- _Problem statement_:
Only one stretch of the data below is needed: the line with "250 Shore Dr, Wayland, MI" through the last line. Output it exactly and drop the pictures.

- _Data below_:
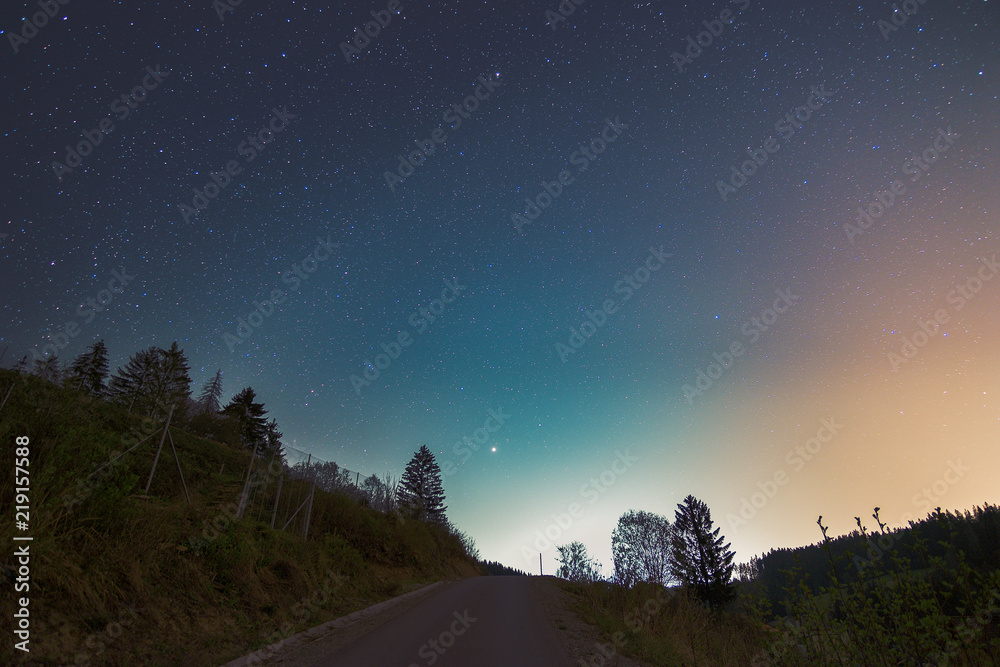 Starry night sky above the road in small town in Kysuce, Slovakia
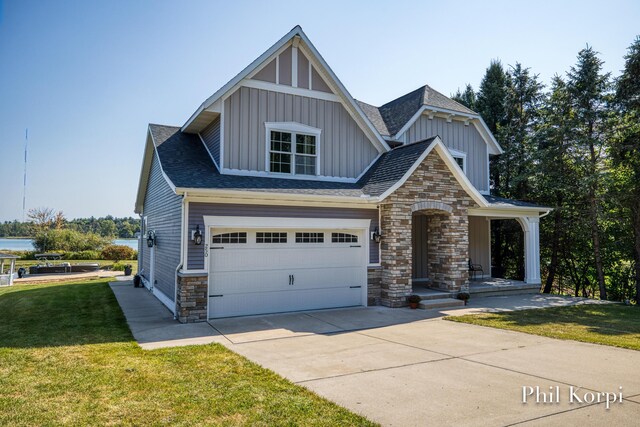 250 Shore Dr, Wayland, MI 49348 - craftsman-style home with board and batten siding, driveway, a front lawn, a garage, and stone siding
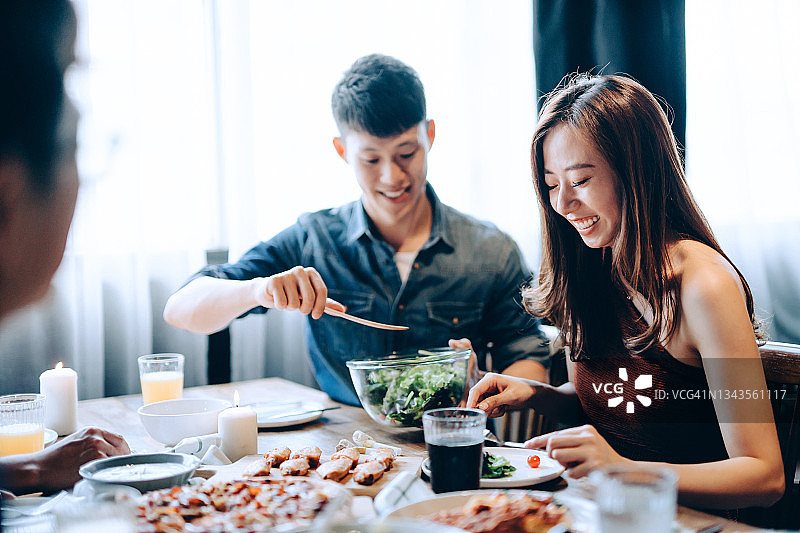 快乐的年轻亚洲男人与一群朋友分享食物。他们在晚宴上玩得开心，聊天和享用美食和饮料图片素材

- _Answer below_:
 250 Shore Dr, Wayland, MI 49348 - craftsman-style home with board and batten siding, driveway, a front lawn, a garage, and stone siding
 快乐的年轻亚洲男人与一群朋友分享食物。他们在晚宴上玩得开心，聊天和享用美食和饮料图片素材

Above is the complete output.